The Great Fire of London

Painting from the 1700s of the Great Fire of London
My visit home to London last year coincided with the 350th anniversary of the Great Fire of London, probably the most famous event in English history that isn’t a battle. The anniversary was marked by a special exhibit at the Museum of London and a thrilling reenactment of the blaze in a replica of the 1666 city constructed on floating barges in the Thames.
Street sign for Pudding Lane in London

As all English schoolchildren learn, the Great Fire broke out on September 2, 1666 at a bakery in Pudding Lane and soon spread, raging for three days and destroying most of the medieval city. Eighty-nine churches, St. Paul’s Cathedral, numerous public buildings and businesses, and about 13,000 houses went up in flames. By the time it had burned itself out, only a fifth of the old city was left. The most famous contemporary description of the fire is by Samuel Pepys in his diary. A master of the small human detail, Pepys gives a vivid account of panicked Londoners, even the birds:
Portrait of Samuel Pepys, London diarist
Samuel Pepys

“I rode down to the waterside, and there saw a lamentable fire. Everybody endeavouring to remove their goods, and flinging into the river or bringing them into lighters that lay off; poor people staying in their houses as long as till the very fire touched them, and then running into boats, or clambering from one pair of stairs by the waterside to another. And among other things, the poor pigeons, I perceive, were loth to leave their houses, but hovered about the windows and balconies, till they some of them burned their wings and fell down.”

The writer John Evelyn gave a rather more apocalyptic description:

“Oh the miserable and calamitous spectacle! Such as haply the world had not seen since the foundation of it, nor be outdone till the universal conflagration thereof.” 
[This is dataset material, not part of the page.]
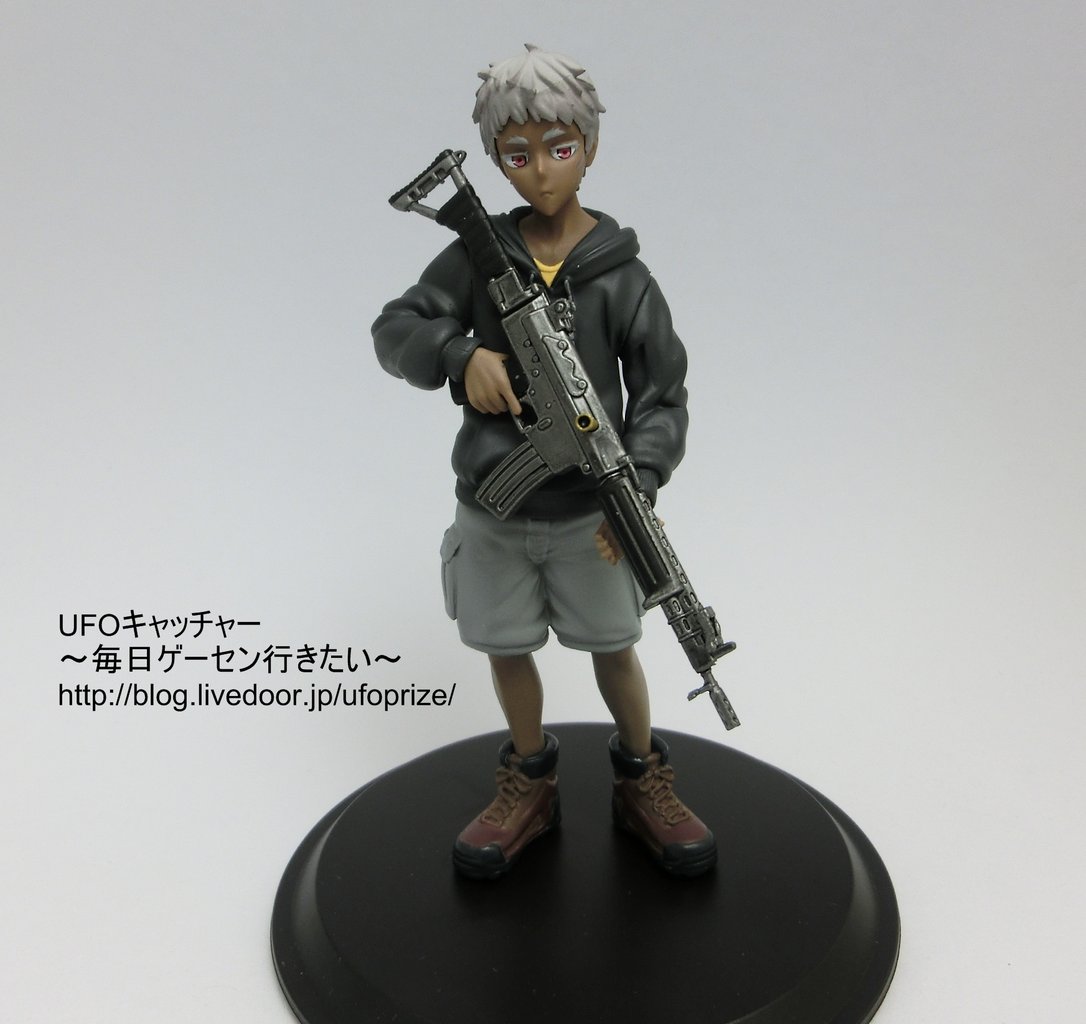 レビュー ヨルムンガンド Dxfフィギュア ヨナ バンプレスト Ufoキャッチャー 毎日ゲーセン行きたい レビュー ヨルムンガンド Dxfフィギュア ヨナ バンプレスト Ufoキャッチャー 毎日ゲーセン行きたい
Proving that scapegoating and conspiracy theories are nothing new, rumors spread that the Dutch and French were responsible and that foreigners were seen “with balls of wild fire in their hands.” Preachers blamed the wrath of heaven and warned that worse was to come if Londoners did not repent of their sins.

Book cover for By Permission of Heaven: the True Story of the Great Fire of London
To learn more, check out this readable and thoroughly researched account: By Permission of Heaven: the True Story of the Great Fire of London by Adrian Tinniswood.

Of course, an event as dramatic as the Great Fire has inspired many novelists:

The Ashes of London by Andrew Taylor
When a body is found in the smoldering rubble of St. Paul’s Cathedral it turns out the man died not by fire but from a stab wound. Government spy James Marwood investigates in an atmosphere of crisis and dissent.

Dark Angels by Karleen Koen
Romance, politics, and intrigue at the Restoration court of Charles II, the Merry Monarch who surprised his subjects by his bravery in joining the fire fighters.

Forever Amber by Kathleen Winsor
Called the Gone With the Wind of English history, this is the story of a penniless orphan who becomes a mistress to Charles II and lives through the dramas of his reign including the plague and the Great Fire of London.

From the Charred Remains by Susanna Calkins
In the aftermath of the Great Fire, lady’s maid Lucy Campion joins other stunned Londoners in the clean up effort, but becomes involved in investigating the death of a man whose body is found in the ruins, mysteriously untouched by fire.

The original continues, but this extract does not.